We recognise the need to provide immediate and targeted support to those most in need during these challenging times. Equally there is an urgent need to work in partnership across government and with our communities to develop a long-term and sustainable approach to alleviating poverty and building resilience within the city and across our households. We have developed holistic and effective programmes that seek to tackle multiple aspects of the cost of living crisis, as well as providing a package of support and advice services to those who need it most.

Empowering communities through social supermarkets

Take for instance how we have supported households struggling from the rising cost of food.

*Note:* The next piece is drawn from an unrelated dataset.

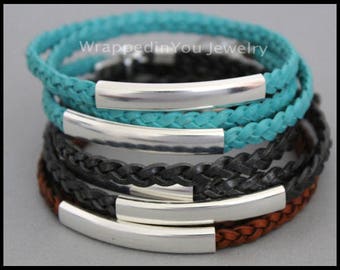Boho LEATHER Wrap Bracelet - Flat Braided Genuine Natural Leather Cord Large Silver TUBES - Adjustable Double Triple Wrap Bangle Bracelet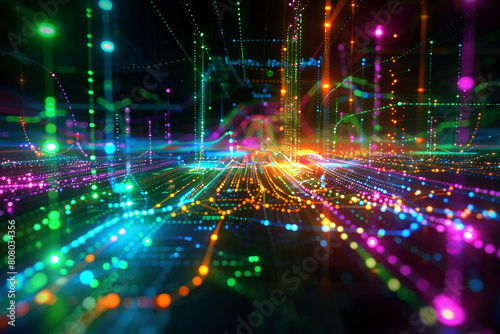 Streaming data visualized as a network of glowing  colorful links in a digital space.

Belfast City Council has worked with community organisations and the Department of Communities in Northern Ireland to develop a city-wide network of 16 social supermarkets.

Community based organisations operate a range of models such as running small, discounted supermarkets on their own premises or providing food vouchers or community meals to those who may need them. These important community-based resources not only help address food insecurity locally, they also provide (or signpost) important wraparound support and advice to those who may visit the social supermarket. This is about more than providing people with good quality food, it is about improving wellbeing, creating a sense of community, and connecting people to benefit and debt advice, employability and training services, and volunteering opportunities.

Through these different models, the social supermarkets aim to give people empowered choices on how they manage the entirety of their household budgets, not just food.

Improving health and wellbeing in response to rising fuel costs

Another example is our approach to fuel poverty which affects over one third of households in the city, as recent Centre for Progressive Policy research has shown. Our Warm and Well Project has supported vulnerable people struggling to keep their home warm by providing advice and practical support to stay warm and well, and where appropriate, the provision of heating measures and discretionary financial assistance to alleviate the effects of living in cold and damp homes. The scheme is delivered through National Energy Action and local community and voluntary groups.

But fuel poverty isn’t just about energy efficiency. It links to wider challenges around mental health and social isolation. For older residents, often living alone, the coldest winter months can be a particularly difficult time. Across 26 community centres over three months, Warm and Well Spaces provided a welcoming, free and inclusive space to help people stay warm and socialise through drop in sessions and a calendar of community events.